A qui pourrais-je m’identifier ? Je n’existe ni à la télé, sauf lors de danses folkloriques où je fais semblant d’être un Touareg heureux avec mon faux sabre, ni dans la rue. Je n’existe nulle part. A Alger, des enfants me jettent des pierres, prenant tous les Noirs pour des cordonniers maliens, en transit permanent en attendant rejoindre l’Europe, cet eldorado, qui ne cesse de s’éloigner. Pourquoi un Kahlouche est-il toujours méprisé ? Je cherche toujours des raisons d’être fier… En politique, le FLN envoie toujours quelques notables à l’Assemblée, jamais aux postes de responsabilité. De la figuration, en guise de bonne conscience. Aucun Noir en politique, aucun Noir en sport, aucun Noir ministre, aucun Noir nulle part. Il faut dépasser les Hauts-Plateaux, franchir la ceinture montagneuse qui sépare l’Algérie blanche de celle du Sud. Et quand je dis aucun Noir, je ne pense pas au féminin. C’est pire. Que Hasna El Becharia, la reine du gnawa rock, me pardonne.

Le pouvoir est dans le Nord, le pétrole dans le Sud. Le Nord dépense l’argent du Sud, sa générosité s’arrête au sable du Sahara, pas celui des plages de la côte. Je sais que seule une partie de la population du Nord profite des mannes du pétrole, que l’oligarchie, toujours insatiable, a phagocyté tout le système. C’est peut-être cela l’Algérie démocratique et populaire. A chaque fois qu’on lui accole un adjectif, la démocratie cesse de l’être, un peu, beaucoup. Etre un Noir en Algérie donc, avec des codes tacites, non dits. Un Noir avec une blanche, couple improbable dans la rue algérienne. Regards en biais, phrases inaudibles, remarques étouffées dans la gorge, par ce racisme inassumé. L’égalité ? Quelle égalité quand la rue vous est, perversement, interdite ? Quelle égalité quand le pouvoir, tous les pouvoirs, ivres d’un jacobinisme hérité de l’adversaire d’hier, vous somment de retourner « chez vous », vos études universitaires terminées, grossissant ainsi les cohortes de chômeurs surdiplômés. Chez vous, comprendre, entre vous dans le Sud, jamais le mot « Noir » ne sera prononcé. Chez vous, aussi bien un lieu géographique, qu’un ensemble démographique. Chez vous, ce lieu qui m’est réservé, ainsi qu’aux « miens ».

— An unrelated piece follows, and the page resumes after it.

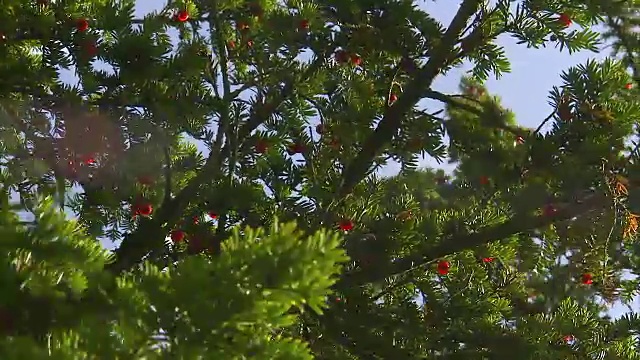 阳光明媚的日子里，一棵樱桃树视频下载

L’Algérien raciste ? Il ne peut pas même pas dire mais non j’ai des « amis noirs ». Il n’en a pas, il n’a jamais eu l’occasion d’en fréquenter. Le système raciste ? Non, jamais, tout de même ! Ou alors il l’est avec les Kabyles, les Chaouias (aujourd’hui), les démocrates, les qui-ne-pensent-pas-comme-eux, les étranges étrangers de « la famille révolutionnaire », les chômeurs qui expriment leur colère dans la rue… La liste est longue, très longue. Le système a transformé les citoyens en obligés, définition même du népotisme. Et moi, dans tout ça ? Etre Noir en Algérie c’est un peu comme le cousin honteux qu’on cache. Il existe sans exister.